Em dia com o Machado 85 (jlo)
Eram da mesma família felina. O
primeiro chamava-se Abdul; a segunda, Aimee. Desencarnados, ambos conversavam
sobre a influência dos pensamentos em nossas vidas. Dizia a gata Aimee
para o filho:
— Cria minha, o pensamento é quase
tudo em nossas vidas. Ele nos permite criações maravilhosas, mas também
tenebrosas. As mentes que se alimentam de ideias nefastas, ligadas ao sexo
deseducado, ao ódio, aos crimes hediondos e vícios torpes, ao desencarnarem vão
direto para as zonas trevosas. Lugar triste e ermo.
— O que é feito de meu felino pai,
mamãe? Ele faleceu há vinte anos e, como estou aqui há apenas dez, nunca tive
notícias dele.
— Amore mio... Como você sabe, seu
pai foi um engenheiro renomado, no mundo físico, que construiu belos
arranha-céus na Terra, mas arranhou também duas gatas, ligadas às zonas
trevosas de nossa dimensão, embora aparentasse ser um pai de família exemplar e
frequentasse a missa aos domingos. Quando desencarnou, as gatas também já
libertas do corpo físico o esperavam para continuar enredando-o nas malhas da
paixão inconsequente. Atormentam-se os três até hoje. Now they are lost in the threshold
umbral.
— E como se chamam essas gatas
assanhadas, mamma?
— A loira chama-se Zypp; a morena,
Cher.
— Não tem como livrá-lo de tais
influências nocivas, mother?
— O problema é de vibração, meu
gatinho, eu o visito muitas vezes, mas ele não identifica minha presença. Zypp
e Cher sempre o retiram das minhas influências e o arrastam para as zonas
sombrias, onde se enroscam, há anos, num novelo de lã negra, do qual não se
conseguem soltar.
— Miau! E como faremos para
libertá-lo dessa escatológica fascinação, maman?

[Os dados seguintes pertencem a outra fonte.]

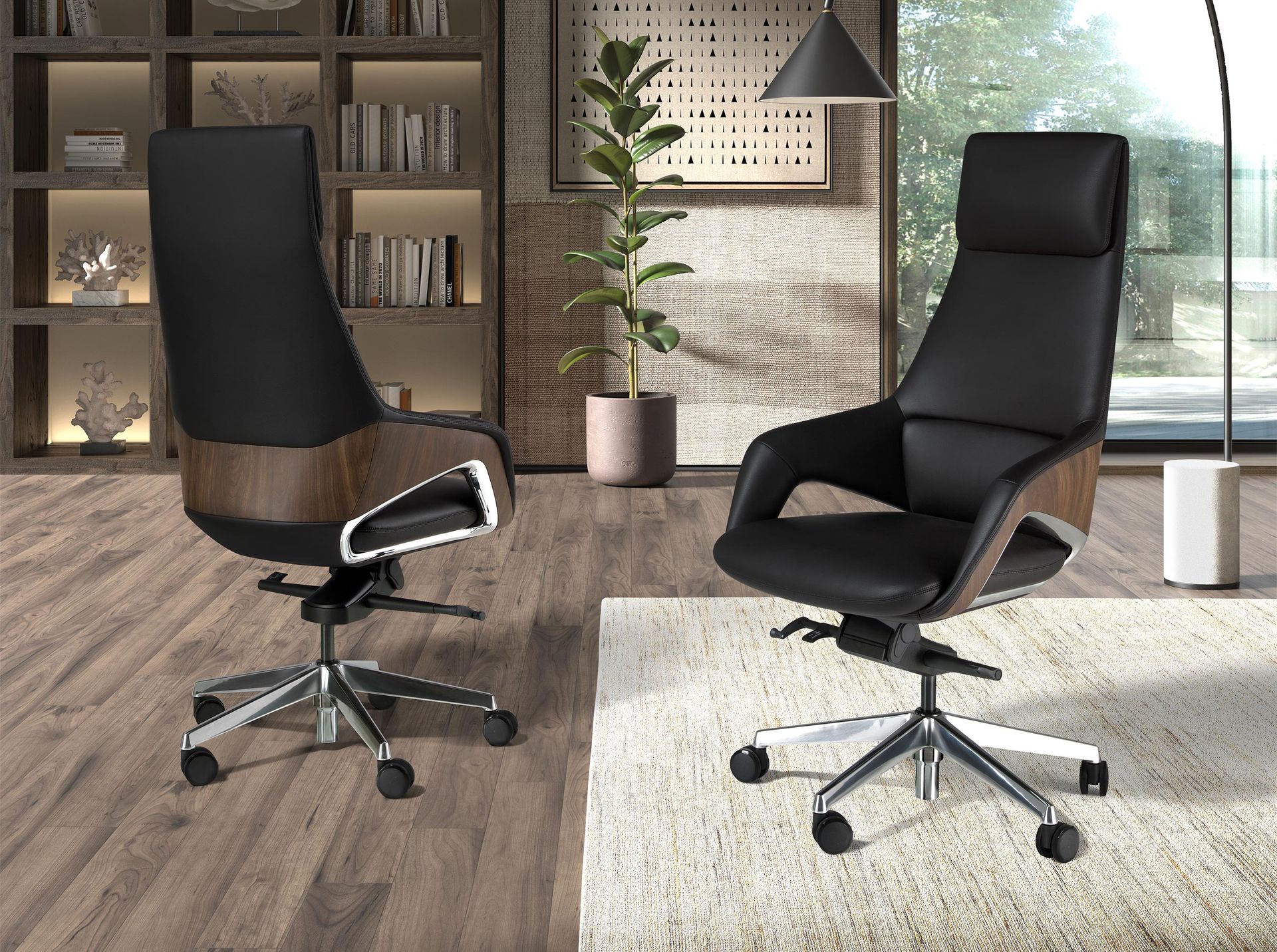 Black leatherette Swivel Office Chair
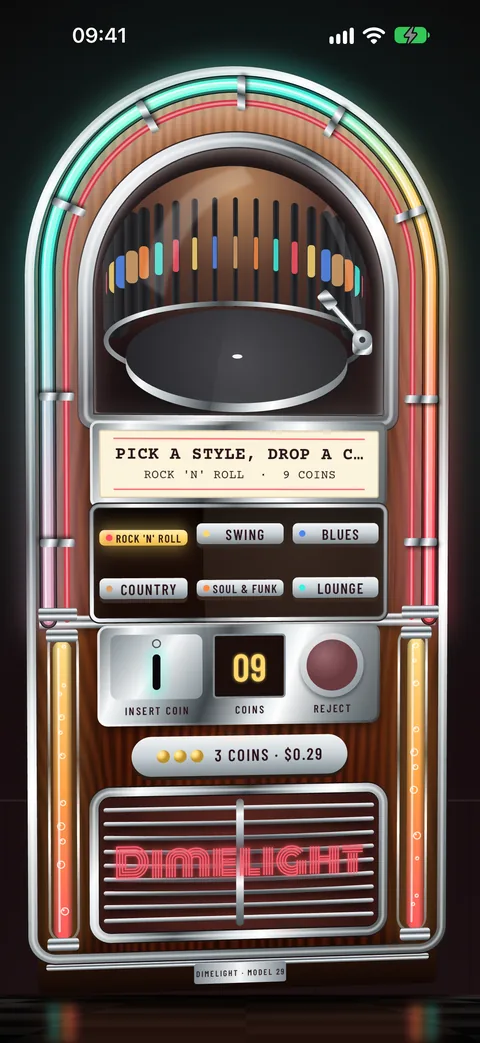 The jukebox waiting for a coin, six chrome style keys below the record dome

— Somente quando Juan aderir
mentalmente, pelo remorso e desejo sincero de se libertar dos fluidos mentais funestos,
poderei exercer influência sobre ele e
libertá-lo das garras dessas gatas sensuais.
— Então, mamãe, vamos miar por ele,
mas não nos esqueçamos também delas.
— É verdade, meu filho, miaremos igualmente
por nossas inimigas, a fim de que sejam iluminados, pois, segundo Augusto dos
Anjos,
Se devassássemos os
labirintos
Dos eternos
princípios embrionários,
A cadeia de impulsos
e de instintos,
Rudimentos dos seres
planetários;
[...]
No profundo silêncio
dos inermes,
Inferiores e
rudimentares,
Nos rochedos, nas
plantas e nos vermes,
A mesma luz dos
corpos estelares!
É que, dos invisíveis
microcosmos,
Ao monólito enorme
das idades,
Tudo é clarão da
evolução do cosmos,
Imensidade das
imensidades!
Nós já fomos os
germes doutras eras,
Enjaulados no cárcere
das lutas,
Viemos do princípio
das moneras,
Buscando as
perfeições absolutas[1].
— Mas então, Augusto, você quer dizer que nós, os gatos, ainda seremos
humanos?
— Exatamente, Abdul, mas não como
imagina. Precisarão, antes, passar por um processo depuratório, no princípio
inteligente universal, para, só então, com o acréscimo do pensamento contínuo, virarem
humanos.
— Se é assim, agradeço, mas prefiro
continuar felino.
— Assim dizem os brutos, mas não se
esqueça de que mesmo os ignorantes, ainda que involuntários, terão de responder
pelas marcas dos seus gatos. Continue, então, miando pelo seu pai... Quem sabe
um dia...
— E quem são os brutos, nós, ou
vocês, que fazem churrasquinho de gato, assistem rinhas de galos e de cães, aos
gritos ferozes que mais parecem urros de feras que de humanos, enquanto nos
dilaceramos para seu gáudio?
— É verdade, sob esse prisma, ainda
somos mais animais que vocês... Mie por nós, gatinho!